Sulla scorta degli elementi acquisiti l’accusa aveva chiesto una condanna a 28 anni che, in virtù del rito abbreviato, sarebbero diventati 18. Il gup, però, condividendo la ricostruzione fatta dall'accusa e riconoscendo le aggravanti, compresa quella della premeditazione, ha condannato in primo grado la diciassettenne a 20 anni di carcere andando oltre la richiesta della Procura. Per conoscere le motivazioni della sentenza bisognerà attendere. Dopo la lettura del dispositivo l’imputata è stata accompagnata nuovamente a Roma dagli agenti di polizia penitenziaria e portata in cella.

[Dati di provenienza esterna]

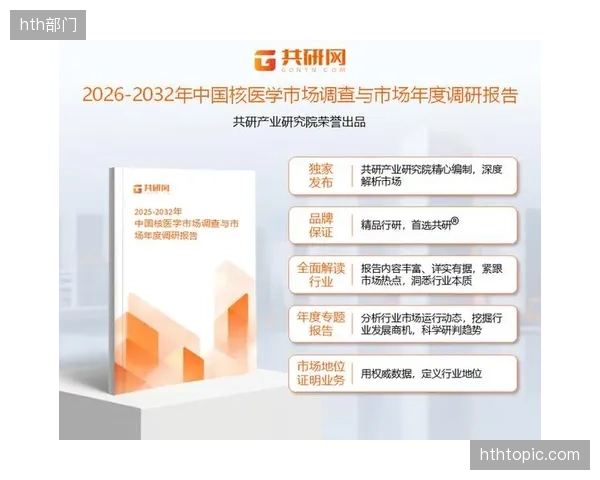 受人口老龄化与慢性病增长双重驱动，中国康复医疗市场规模预计将增至1442亿元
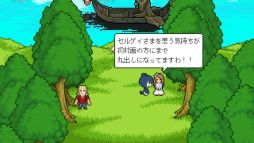 画像ギャラリー No.005のサムネイル画像 / 「くまのレストラン」や「メグとばけもの」などのパラレルワールドを巡る短編ADV「猫の願いが叶うなら」，Steamで配信開始。価格は無料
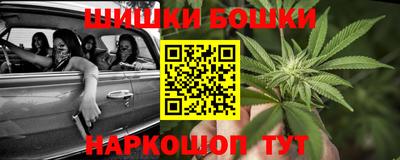 амфетамин Жуковский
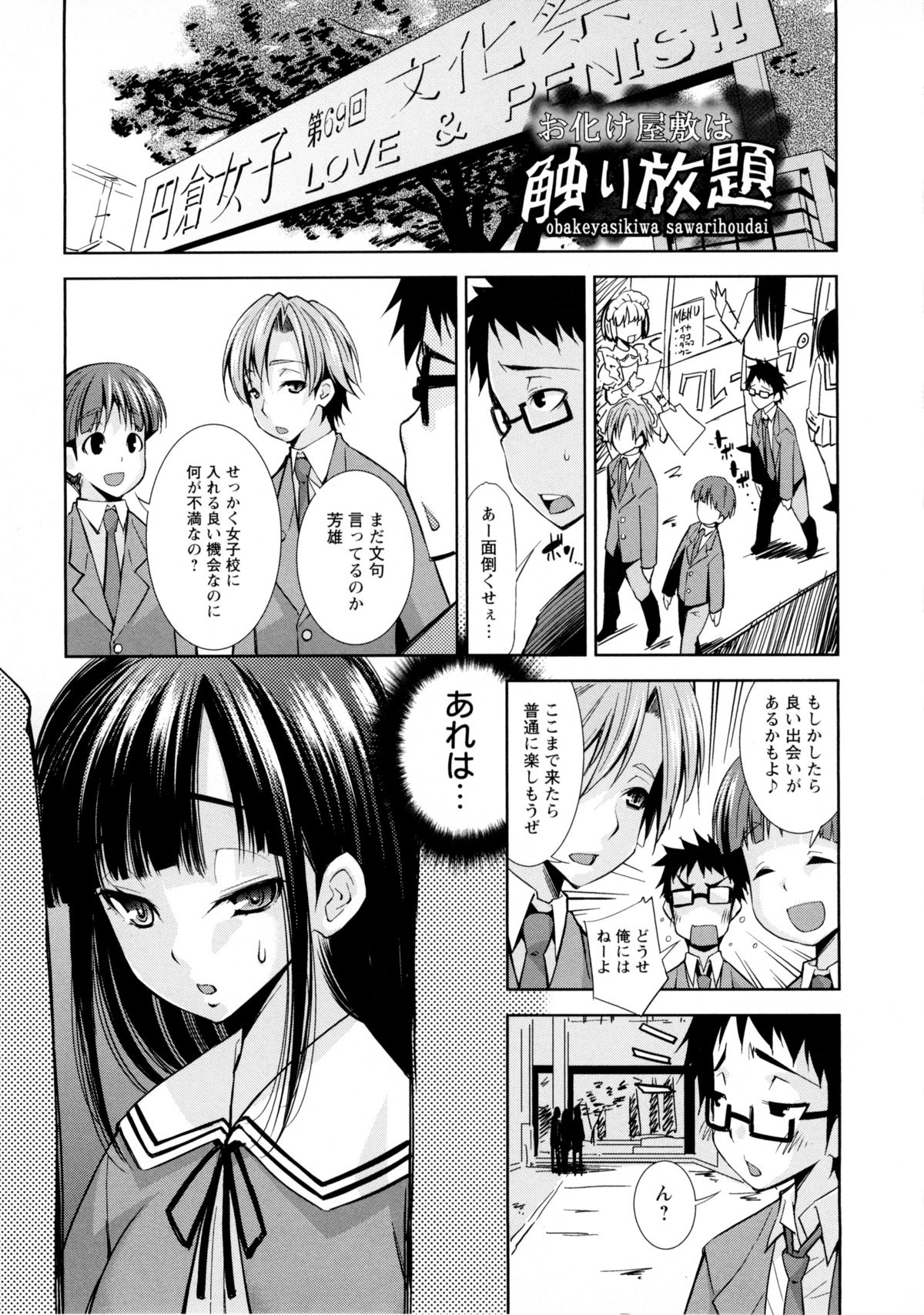 [舞原マツゲ] JK図姦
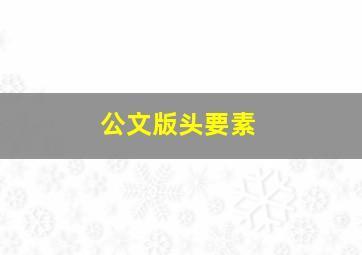 公文版头要素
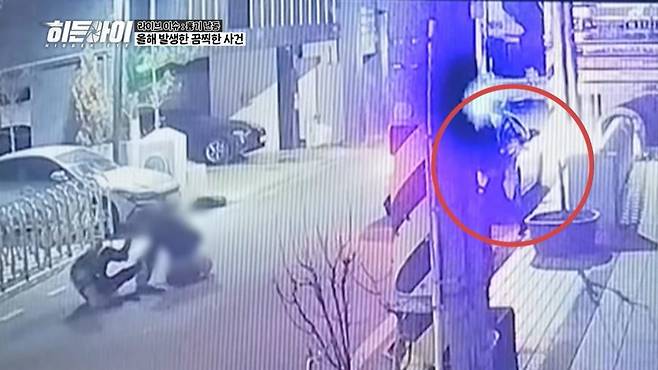 사진제공=MBC에브리원 '히든아이'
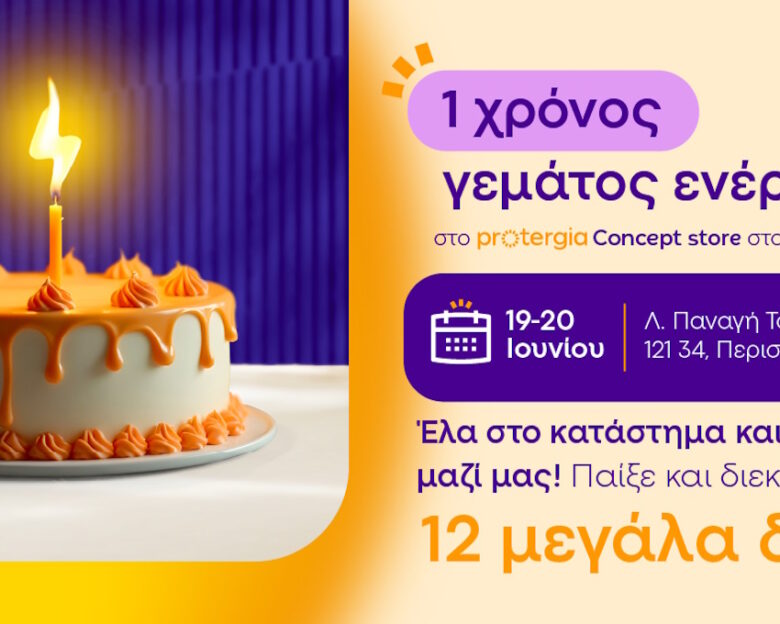 Protergia Concept Store στο Περιστέρι: 1 χρόνος γεμάτος ενέργεια!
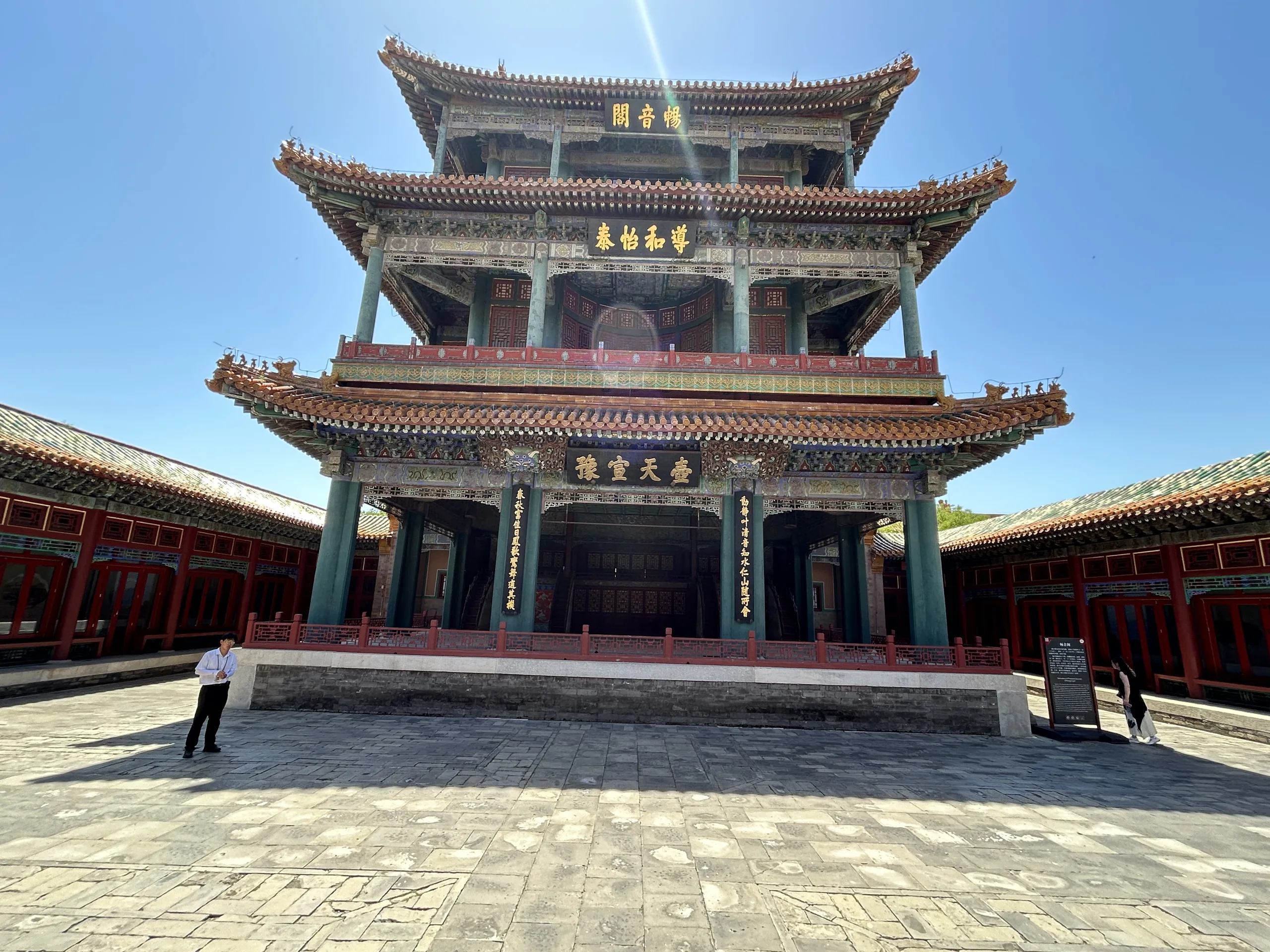 Beijing, China — cinematic destination photography by Untold Vista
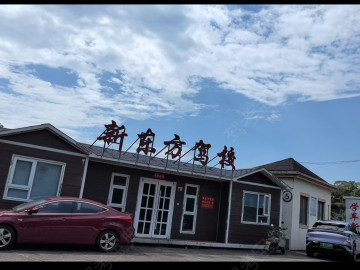 新东方驾校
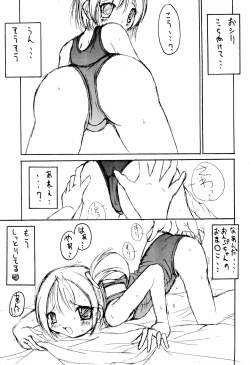 Page 7 of Sweet Tragedy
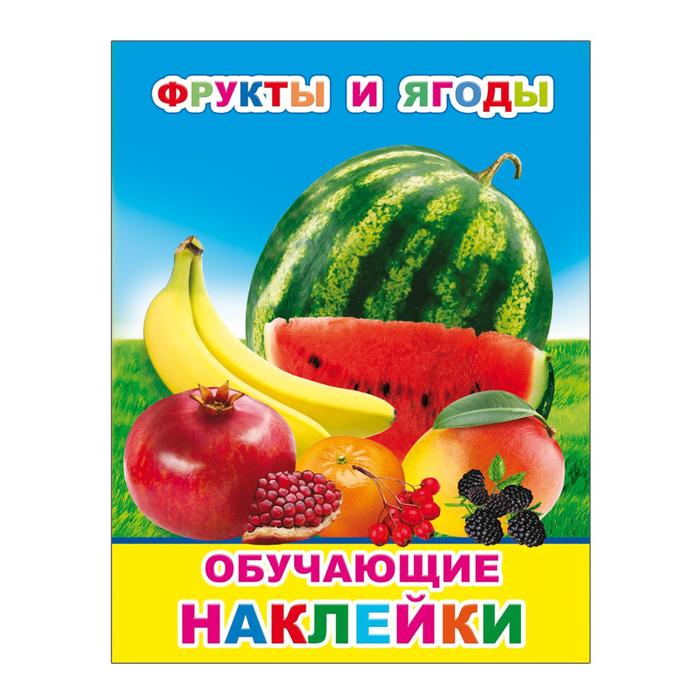 Фрукты и ягоды, 0+
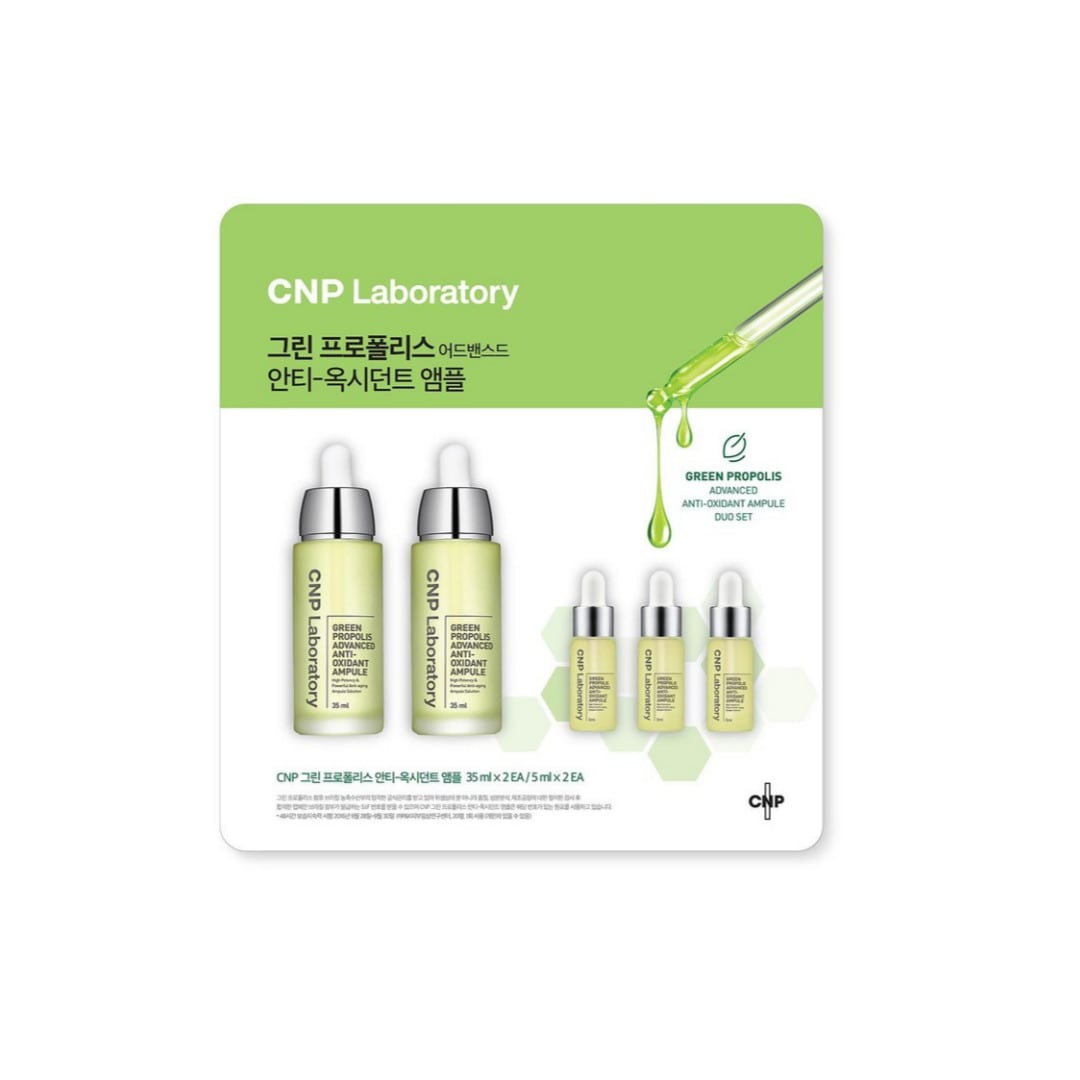 CNP Laboratoryグリーンプロポリスアンチオキシダントアンプルセット 35ml x2個 5ml x3個 韓国コスメ おすすめ商品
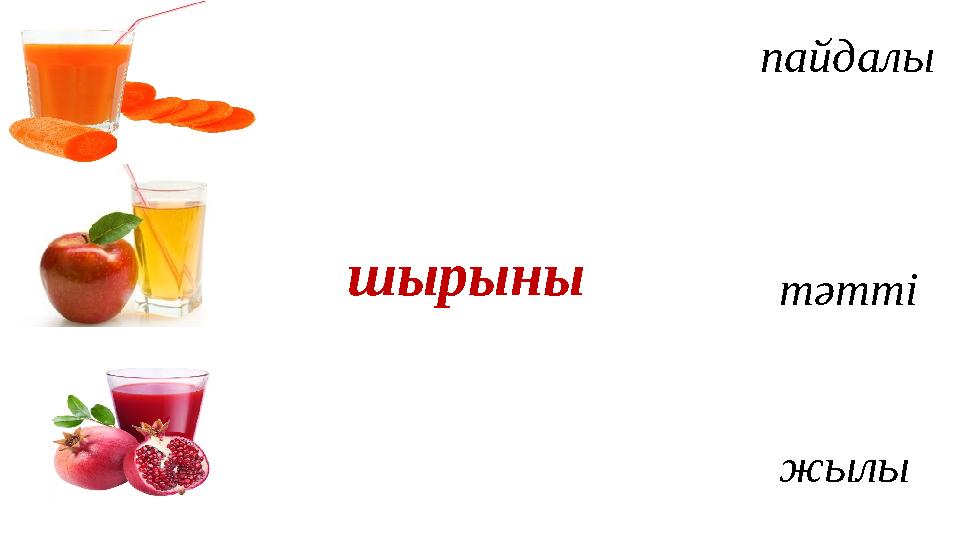 шырыны пайдалы тәтті жылы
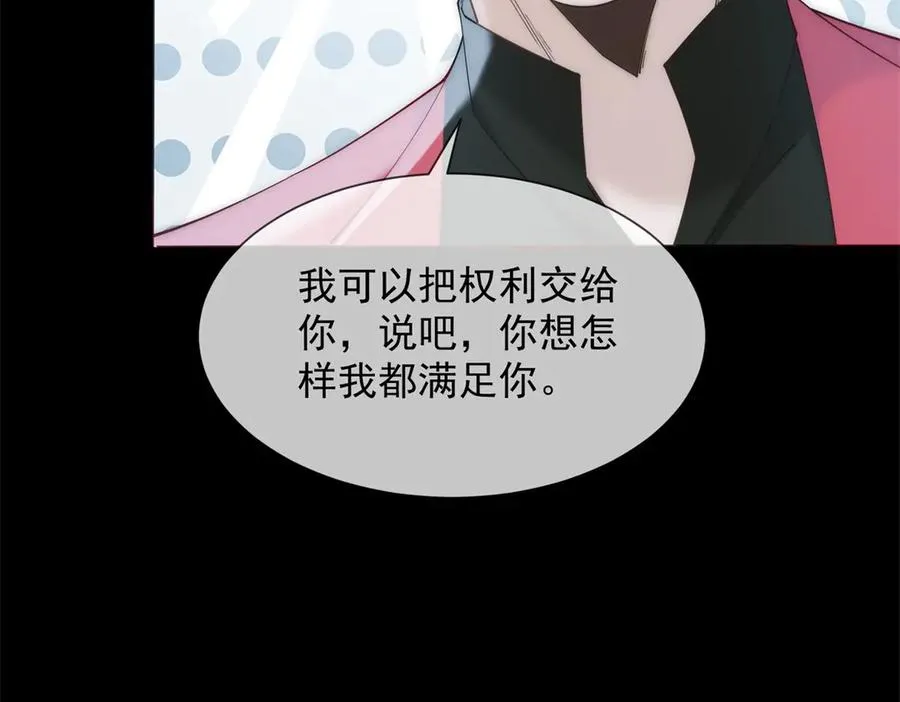 第46话 我要离婚！175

La notizia dell’omicidio scosse molto le comunità di Bagheria e di Casteldaccia, dove si trovava la scuola in cui insegnava la vittima. A celebrare il funerale nella chiesa di San Giovanni Bosco, a Bagheria, furono il parroco Francesco Galeotto, padre Francesco Michele Stabile e padre Cosimo Scordato. Tra i presenti anche i sindaci Filippo Tripoli e Giovanni Di Giacinto e il dirigente scolastico Giuseppe Carlino. Sconvolti amici e colleghi della 55enne che dissero di “non sapere nulla di questi litigi familiari” e sottolinearono quanto “lei vivesse per questa ragazza”.